Not so for the federal government or the Federal Reserve Bank (Fed). They create cash flow.
You may have read that the Fed is buying approximately $80B in Treasuries and mortgage-backed securities each month. This is referred to as QE (quantitative easing) 1,2,3 etc. QE has been aggressively implemented by the Fed since 2008 and these purchases have grown the Fed’s balance sheet from $1 trillion in 08 to close to $3 trillion today. But here is the important part for investors and taxpayers.
The federal government (think Washington D.C.) is borrowing money from individuals, foreign governments and corporations when it issues Treasury bills, bonds and notes. If you own a treasury bond or treasury bond fund you are lending your money to the federal government. But lately the appetite for U.S. treasuries–particularly among foreign governments has declined. Here is where the Fed comes in.

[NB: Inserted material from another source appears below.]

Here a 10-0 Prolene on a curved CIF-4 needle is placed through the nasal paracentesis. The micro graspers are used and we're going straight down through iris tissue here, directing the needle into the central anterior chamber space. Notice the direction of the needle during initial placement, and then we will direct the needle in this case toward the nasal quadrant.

Since each of the twelve Reserve Banks (that comprise the Fed) is authorized by the Federal Reserve Act to issue currency, when the U.S. government issues an excess of treasuries (borrowing), the Fed is able to print money to buy up the excess treasuries the public doesn’t purchase. To the tune of almost $1trillion per year since 2008. Currently the Fed is buying about 57% of the treasuries issued because the demand for U.S. government debt has declined just as our government’s spending has ramped up.
In the real world the transaction might look something like this: You want to buy a new car. But you can’t afford the car and you don’t have the money. So, you decide to lend yourself money with money you don’t have to make the purchase. You write yourself a check from an account with insufficient funds (in other words you print your own money–kind of), deposit the check in another account, run down to the car dealership and pay for the car out of the account with the kited funds.You go to jail.

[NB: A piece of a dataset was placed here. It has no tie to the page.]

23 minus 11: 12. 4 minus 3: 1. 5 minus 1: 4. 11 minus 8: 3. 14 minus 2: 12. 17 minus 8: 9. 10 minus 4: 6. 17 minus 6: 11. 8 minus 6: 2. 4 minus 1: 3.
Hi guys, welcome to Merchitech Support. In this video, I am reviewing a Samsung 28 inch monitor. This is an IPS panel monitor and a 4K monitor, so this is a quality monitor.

But for the government it is completely legal.
So why do we care about this? Two reasons. The first is that while I am a long-term bull on the U.S. equity market, in the short-term, much of the appreciation in stocks which began in 2009 has been fueled by QE. By keeping interest rates so low the Fed is encouraging investors to turn to the stock market for higher returns. The second reason is that flooding the economy with currency to fund unchecked government spending (recall that the Senate hadn’t passed a budget for the previous four years until a few weeks ago) can lead to inflation and very slow growth in the real economy.
So don’t get caught up in the short-term, day-trading hype propagated by the financial media. Stay the course. Buy great companies for the long-term. Over a reasonable period of time the stock market averages approximately 9% per year even when all the bear markets are included. But, buy quality. Oh, and use real money to fund your purchase.
Clear and concise, a nice summary of how the process works.